Choro lágrimas de saudade...
não há lenço que resista
a minha necessidade
de mantê-lo no bolso,
seco e limpo... limpo e seco... 

A todo instante
aumenta a ausência de você...
e todo mundo percebe
Somente você não vê,
A dor imensa que sinto.
= = = = = = 

Trova de
LEÔNCIO CORREIA
Paranaguá/PR

Se o beijo guarda o perfume
de estranha, esquisita flor
é porque o beijo resume
a vida e a glória do amor.
= = = = = = 

Soneto de
VICENTE DE CARVALHO
Santos/SP (1866 – 1924)

Velho tema (II)

Eu cantarei de amor tão fortemente
Com tal celeuma e com tamanhos brados
Que afinal teus ouvidos, dominados,
Hão de à força escutar quanto eu sustente.

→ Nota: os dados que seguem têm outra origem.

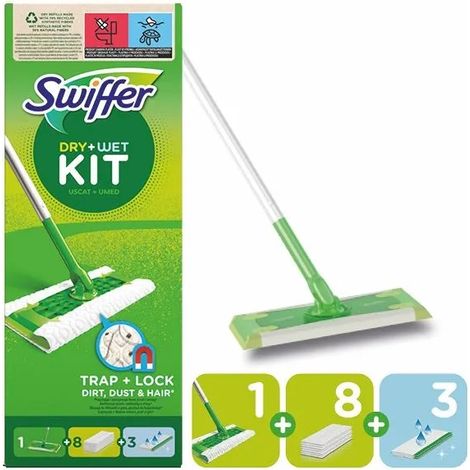 Mocio piatto Swiffer verde con 1 accessorio, 8 panni asciutti e 3 panni umidi (1/5)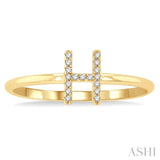 'H' Initial Diamond Ring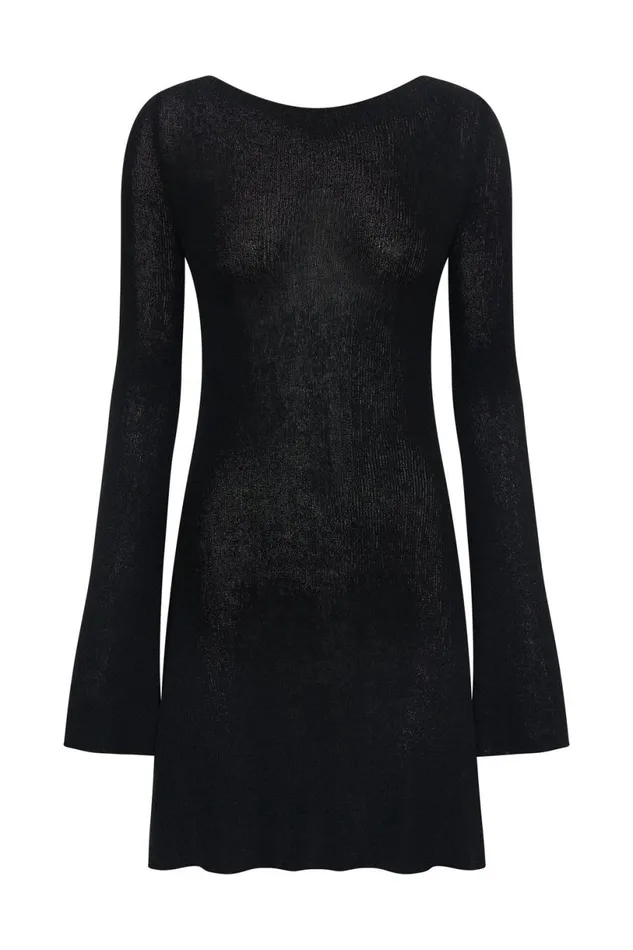 Meshki Mini Dresses Women Zahra Long Sleeve Open Back Mini Knit Dress 8211 Black Black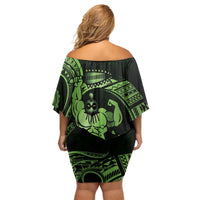 Green Hawaii Ikaika Warrior Off Shoulder Short Dress Hawaiian Power LT14 - Polynesian Pride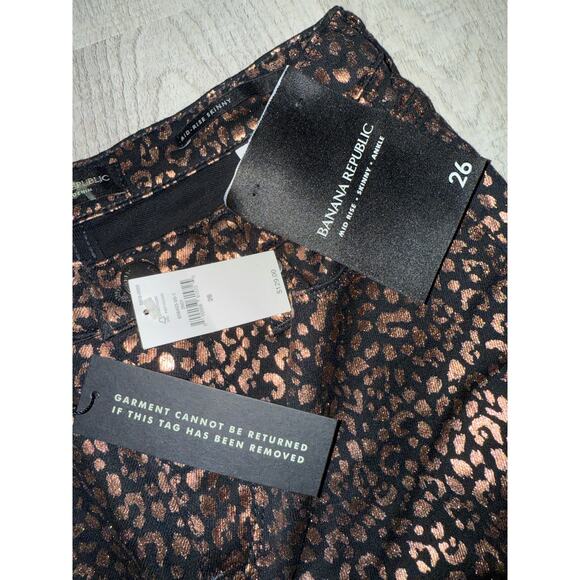 BANANA REPUBLIC
MID-RISE SKINNY METALLIC LEOPARD JEAN NWT SIZE 26 - Picture 5 of 6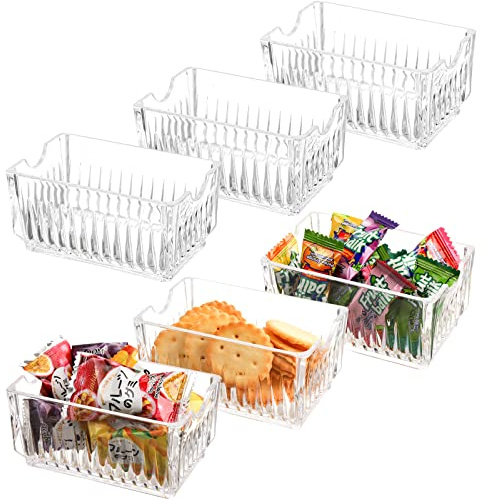 DEAYOU 6-Pack Sugar Packet Holder, Acrylic Tea Bag Organizer for Drawer, Clear Sugar Bag Caddy Container, Small Condiments Packet Holder Dispenser for Countertop, Coffee Bar, Cabinet, Sweetener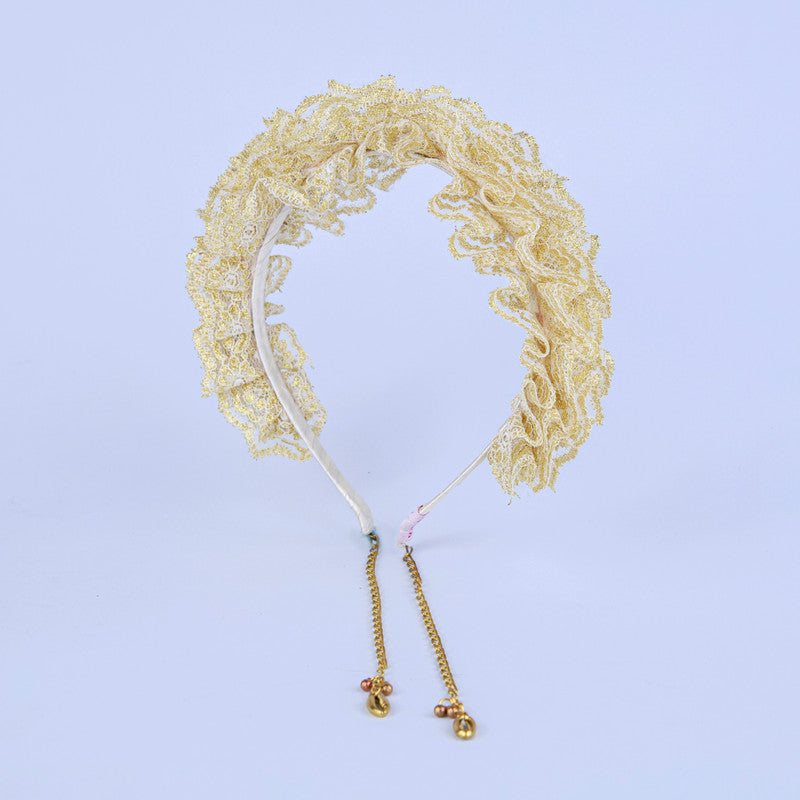Choko Lime Green Lace Hair Band with Tassels for Girls
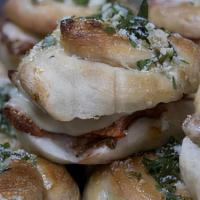 Grilled Chicken Stuffed Garlic Knots · Roasted Peppers, Fresh Mozzarella, with Basil Aioli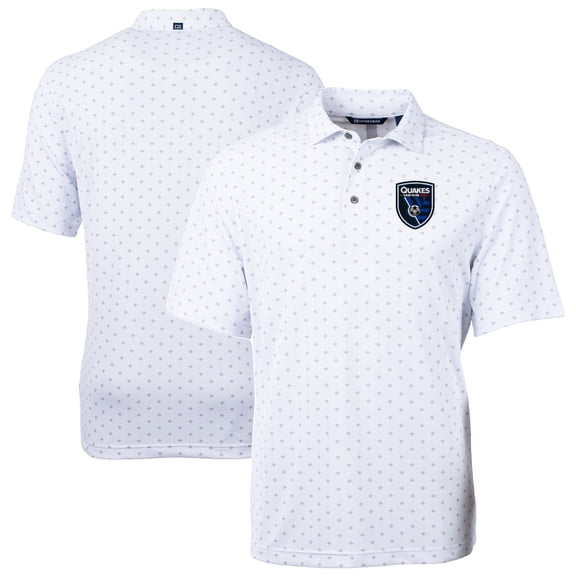 Men's-Cutter & Buck White San Jose Earthquakes Virtue Eco Pique Tile Print Recycled Polo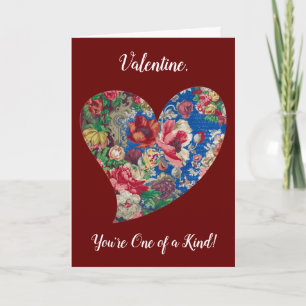Vintage bloemhart serie 2 Valentijnskaart Kaart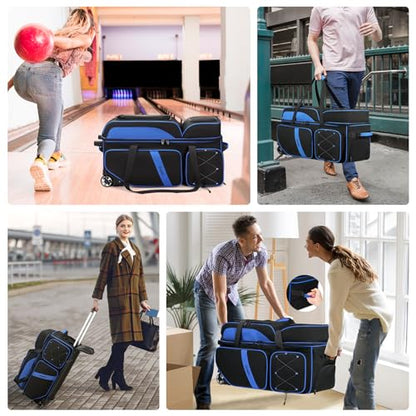 BOSSTIN 3 Ball Bowling Bags with Wheels, Secure Adhesive Fixed Ball Cup & Shoe Compartment, Bowling Ball Bag 3 Ball Roller with Multi-Pockets - color: Blue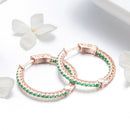 925 Sterling Silver Plated Rose Gold Pavé Setting CZ Earrings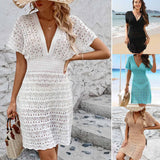 Fongt New Beach Dress Corrugated Hollow Dress Deep V Elastic Waist Hot Beach Burqa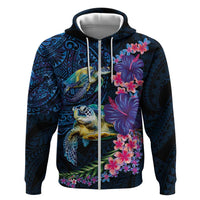 Hawaiian Plumeria and Hibiscus with Turtles Zip Hoodie Polynesian Art Dark Cyan Color LT03 Zip Hoodie Dark Cyan - Polynesian Pride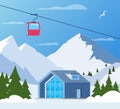 Ski resort. Winter mountain landscape with lodge, ski lift. Winter sports vacation banner. Vector illustration Royalty Free Stock Photo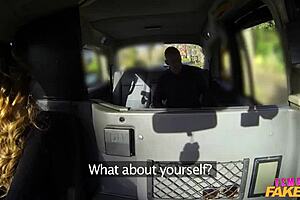 British Milf Brunette Rimjobs and Fingers Passenger in Fake Taxi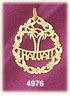 14K Yellow Gold Flower Hawaii Teardrop Palm Trees Charm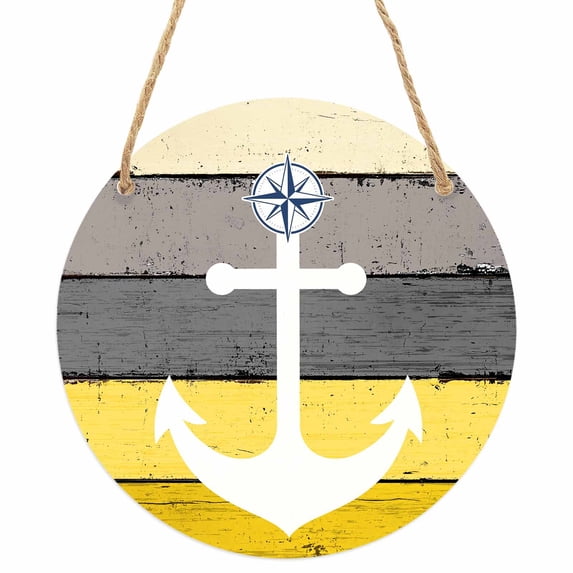 Nautical Anchor Round Front Door Welcome Sign, 5.9 Inch Wall Hanging Decor for Indoor Outdoor, Yellow Gray Gradient Wooden Grain Home Porch Hanger Decorations for Holiday Gift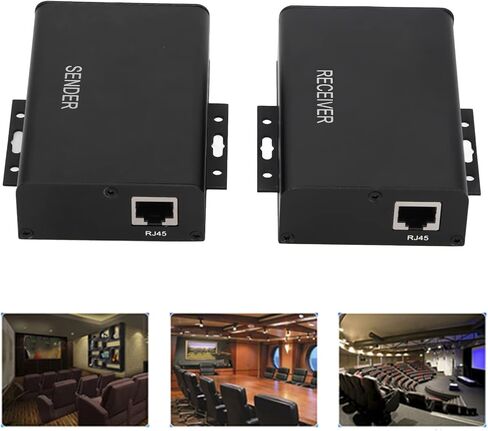 Zunate 2PCS USB HDMI KVM Extender، 1080P Ethernet Cable-Signal Extension يصل إلى 120 مترًا، جهاز استقبال Cat6 إلى HDMI، دعم ماوس لوحة المفاتيح USB (#3) in Kuwait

Quero que meu amor se te apresente
— Não andrajoso e mendigando agrados,
Mas tal como é: — risonho e sem cuidados,
Muito de altivo, um tanto de insolente.

Nem ele mais a desejar se atreve
Do que merece: eu te amo, e o meu desejo
Apenas cobra um bem que se me deve.

Clamo, e não gemo; avanço, e não rastejo;
E vou de olhos enxutos e alma leve
À galharda conquista do teu beijo.
= = = = = = 

Trova de
APARÍCIO FERNANDES
Acari/RN, 1934 – 1996, Rio de Janeiro/RJ

Cartas de amor, esquecidas,
contendo um pouco do Céu!
Dois corações, duas vidas
resumidas num papel!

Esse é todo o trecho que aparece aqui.